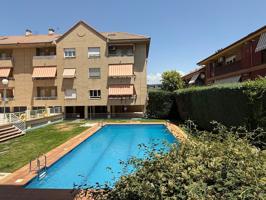 Piso En venta en Calle De La Frontera, Casa Amarilla, Galapagar photo 0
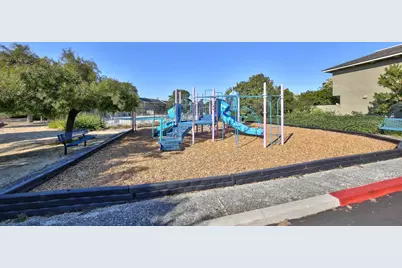 19311 Creekside Cir, Salinas, CA 93908 - Photo 4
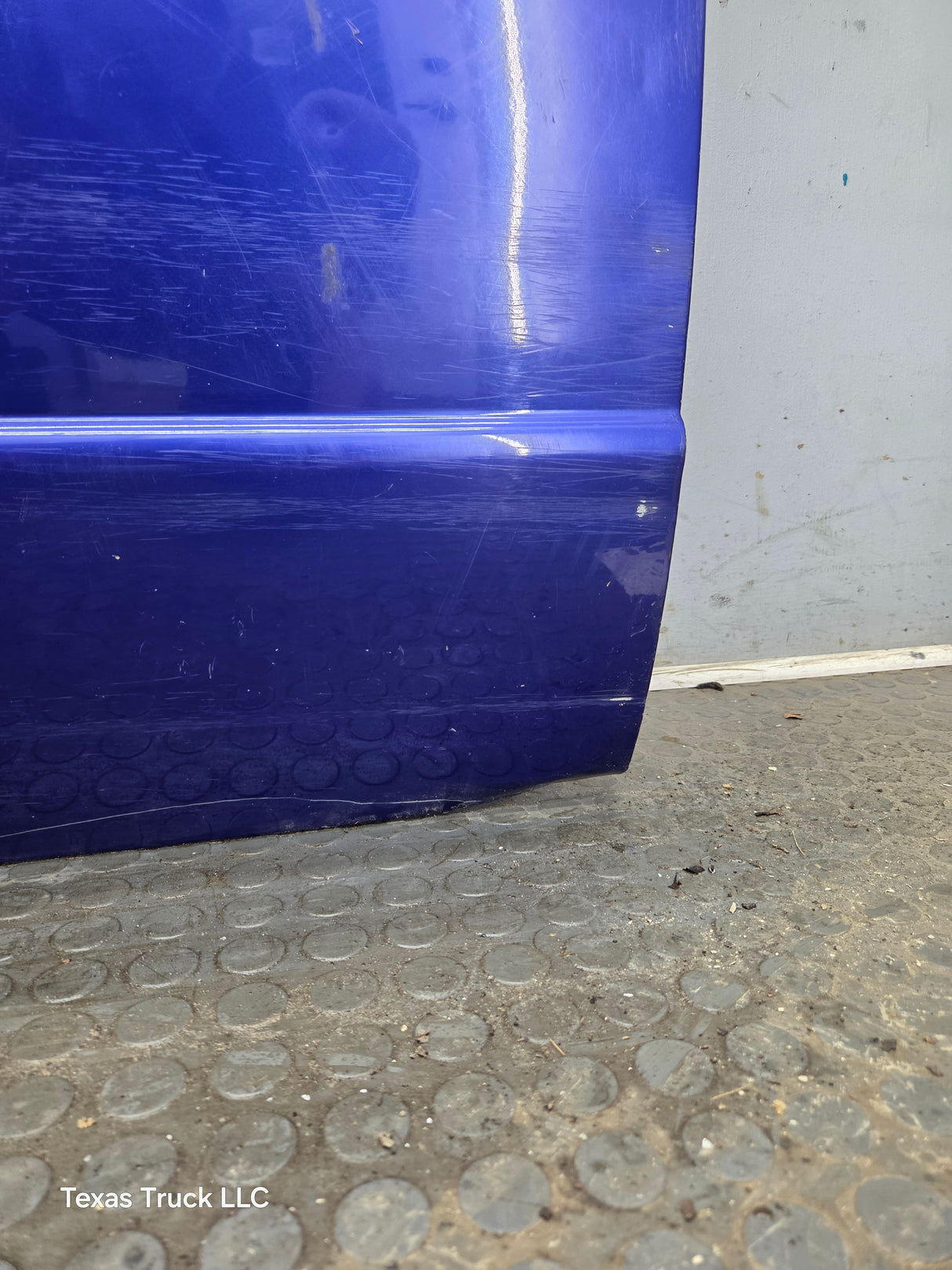 2003-2005 Ford Ranger Driver Side Front Left Hand Door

PROBLEM DETAILS: Pictures are not part of the copy; transcribe the rest of the data verbatim.

REPLY:
 Piso En venta en Calle De La Frontera, Casa Amarilla, Galapagar photo 0
 19311 Creekside Cir, Salinas, CA 93908 - Photo 4
 2003-2005 Ford Ranger Driver Side Front Left Hand Door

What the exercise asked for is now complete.